§ **Task brief**
Take the data below and extract the lines from the one with "Volkswagen Touareg R" to the one with "Canada Goose Canada", inclusive, exactly as written.

(Task input begins)

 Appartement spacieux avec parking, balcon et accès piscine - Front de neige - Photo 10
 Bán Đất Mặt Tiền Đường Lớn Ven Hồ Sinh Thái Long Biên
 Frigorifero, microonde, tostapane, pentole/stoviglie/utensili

(Task input ends)
(Task input begins)

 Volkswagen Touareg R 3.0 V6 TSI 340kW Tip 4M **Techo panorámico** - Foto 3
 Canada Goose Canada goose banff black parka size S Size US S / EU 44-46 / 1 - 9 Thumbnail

(Task input ends)

§ **Written answer**
 Volkswagen Touareg R 3.0 V6 TSI 340kW Tip 4M **Techo panorámico** - Foto 3
 Canada Goose Canada goose banff black parka size S Size US S / EU 44-46 / 1 - 9 Thumbnail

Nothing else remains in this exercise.